• PROBLEM DETAILS: Return, exactly and in full, the lines of the records below starting at the one with "So how can the" and ending at the one with "This high-security, large-capacity", and no other lines.

[Opening DATA TO USE section]

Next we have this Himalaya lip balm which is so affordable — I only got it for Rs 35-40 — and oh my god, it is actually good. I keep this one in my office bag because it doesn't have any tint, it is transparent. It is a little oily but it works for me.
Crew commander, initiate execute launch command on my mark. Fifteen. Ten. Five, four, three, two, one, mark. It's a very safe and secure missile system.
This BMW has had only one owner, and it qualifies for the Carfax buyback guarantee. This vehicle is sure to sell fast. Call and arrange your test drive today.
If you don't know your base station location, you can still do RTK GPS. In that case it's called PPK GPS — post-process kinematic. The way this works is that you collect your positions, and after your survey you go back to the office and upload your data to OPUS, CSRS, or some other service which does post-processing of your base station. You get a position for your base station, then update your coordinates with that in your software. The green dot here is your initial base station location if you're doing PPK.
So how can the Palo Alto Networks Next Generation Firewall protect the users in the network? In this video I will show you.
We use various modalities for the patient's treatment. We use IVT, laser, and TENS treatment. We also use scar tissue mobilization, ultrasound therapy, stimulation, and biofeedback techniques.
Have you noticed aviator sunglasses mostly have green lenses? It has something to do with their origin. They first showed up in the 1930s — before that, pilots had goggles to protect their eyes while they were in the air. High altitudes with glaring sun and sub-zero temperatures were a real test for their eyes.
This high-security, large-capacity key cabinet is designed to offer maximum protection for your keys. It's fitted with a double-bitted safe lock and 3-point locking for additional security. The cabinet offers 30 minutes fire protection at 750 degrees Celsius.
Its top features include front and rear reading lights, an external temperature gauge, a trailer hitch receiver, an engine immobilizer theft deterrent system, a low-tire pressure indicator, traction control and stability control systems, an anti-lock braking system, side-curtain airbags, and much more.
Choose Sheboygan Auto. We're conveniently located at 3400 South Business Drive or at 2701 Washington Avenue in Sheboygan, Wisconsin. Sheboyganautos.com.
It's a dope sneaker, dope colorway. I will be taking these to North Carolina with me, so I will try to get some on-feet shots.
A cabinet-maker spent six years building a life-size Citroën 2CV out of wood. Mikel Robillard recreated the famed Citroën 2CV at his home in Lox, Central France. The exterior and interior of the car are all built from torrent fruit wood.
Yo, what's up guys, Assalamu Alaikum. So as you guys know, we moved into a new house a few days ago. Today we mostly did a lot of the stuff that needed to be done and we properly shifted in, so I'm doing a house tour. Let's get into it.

[Closing DATA TO USE section]

• WRITTEN REPLY:
So how can the Palo Alto Networks Next Generation Firewall protect the users in the network? In this video I will show you.
We use various modalities for the patient's treatment. We use IVT, laser, and TENS treatment. We also use scar tissue mobilization, ultrasound therapy, stimulation, and biofeedback techniques.
Have you noticed aviator sunglasses mostly have green lenses? It has something to do with their origin. They first showed up in the 1930s — before that, pilots had goggles to protect their eyes while they were in the air. High altitudes with glaring sun and sub-zero temperatures were a real test for their eyes.
This high-security, large-capacity key cabinet is designed to offer maximum protection for your keys. It's fitted with a double-bitted safe lock and 3-point locking for additional security. The cabinet offers 30 minutes fire protection at 750 degrees Celsius.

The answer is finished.